**INFORMATION SHOWN**

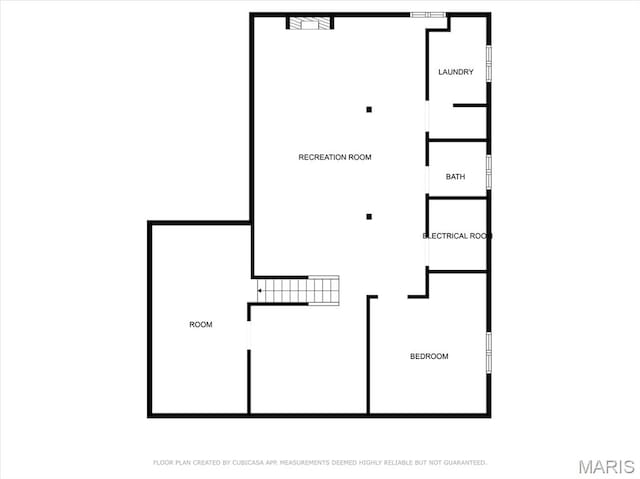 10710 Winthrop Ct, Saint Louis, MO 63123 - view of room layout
* * *
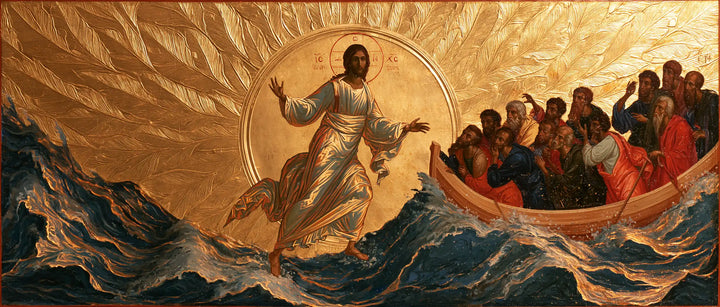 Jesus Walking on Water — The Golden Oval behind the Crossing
* * *
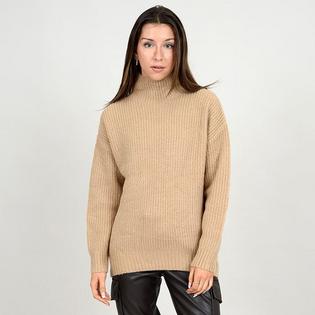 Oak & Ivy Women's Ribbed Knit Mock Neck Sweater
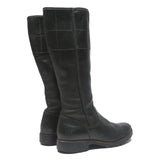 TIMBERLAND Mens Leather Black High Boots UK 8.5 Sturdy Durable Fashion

**WORK INSTRUCTION**
Look back at the data above, then output exactly the lines from the line holding "Oak & Ivy Women's" up to and including the line holding "TIMBERLAND Mens Leather". Leave out the pictures.

**PROBLEM SOLUTION**
 Oak & Ivy Women's Ribbed Knit Mock Neck Sweater
 TIMBERLAND Mens Leather Black High Boots UK 8.5 Sturdy Durable Fashion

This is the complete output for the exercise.